Не слишком лестные слова для главы Хоумов Ист-Лотиана. Но Алекс проглотил даже их. Жутко было видеть свою страсть отраженной на лице другого человека. Он еще не любил, я хорошо знал это чувство, но уже вожделел. Сказал сухо:
– Я не стану чинить вам обиды, леди Агнесс. Для обиды не нужно брачного союза.
– Покамест я вообще не знаю, зачем вам брачный союз. Возможно, вы мне об этом расскажете.
И он говорил, говорил, говорил. Я не разбирал слов.
Что за напасть – снова смотреть, как она выходит замуж. Однажды я видел это, мне не понравилось. Лучше ли быть для нее братом, чем быть никем? И не лучше ли не жить вовсе, чем быть для нее никем? Судьба отдалила ее от меня, и я тоже приложил к этому руку. Я сам принял обеты, когда был жив мой брат. Мог ли я знать тогда, как ужасно ошибаюсь? Да и спасло ли бы меня мирское, будь я свободен теперь, если не спасало церковное? Ни один обет не удержит Хепберна, стремящегося ко своей цели. И в этом наше родовое проклятье, и мое – в том числе.
Я не знаю, для кого разглагольствовал Александр Хоум, но явно не для невесты. Уитсом слушал лорда-казначея и хранителя Восточной марки с большим вниманием, и было отчего – они сговаривались на второй брак. Мастер Хейлс получит Николь Хоум, часть денег, с таким трудом выпущенных из рук моей матерью, вернутся в семью с приданым новой невестки. И дай Бог, чтоб новой невестке в этой семье пришлось слаще, чем прежней! Агнесс била дрожь. Она решилась, цена озвучена, но не так-то просто продать себя заново. Я попытался отступить снова, не в силах смотреть на нее, но даже не увидела – ощутила легкое мое движение прочь.
Прошептала еле слышно:
– Пожалуйста, останьтесь со мной, Джон, пожалуйста…

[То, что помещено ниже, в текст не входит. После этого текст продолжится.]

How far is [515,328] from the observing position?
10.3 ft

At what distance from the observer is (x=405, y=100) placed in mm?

Ухватила мою руку, сжала. Зачем, зачем она прикасается ко мне? Каждое прикосновение ведь выжжено на мне тавром, тем более болезненным, чем больше минует времени. Я помню их все. И то пожатие помню – как если бы тонула в Тайне, ухватилась за осыпающийся край берега.
– Я здесь, сестра.
То есть, мне самому следовало отдать ее другому. Господь ты Бог милосердный…
Не помню, как вынес все обсуждения брачного контракта, все подробности, подавая при том советы разумно и взвешенно. Привычка – вторая натура, а в моем случае – и первая также. За двери холла она вышла спокойной поступью, как надлежало леди высокого рода, но за дверьми… ноги ее подкосились, притулилась к стене, поползла вниз… буквально одним мгновеньем мелькнуло в ее лице такое горе!
Да, Адам больше не вернется, второго такого не будет, но она же сама признала, что новый брак сулит ей освобождение от роли приживалки при моей матери? И Алекс не против ее визитов к сыну. Откуда же столь острая боль? И только много лет спустя понял: ей, как мне, столь же невыносимо было не распоряжаться собой, самой себя продавать в Египет, но ей, женщине, оставлено было еще меньше права желать, иметь, чувствовать, мочь.
– Он… добрый человек, – проскрежетал я. – Лорд Алекс не обидит вас, Агнесс.
Хвалить хоть какими словами мужчину, который возьмет ее вместо меня – нелегкая задача. А если обидит, то жить будет очень недолго, да и несчастливо. Уж я позабочусь.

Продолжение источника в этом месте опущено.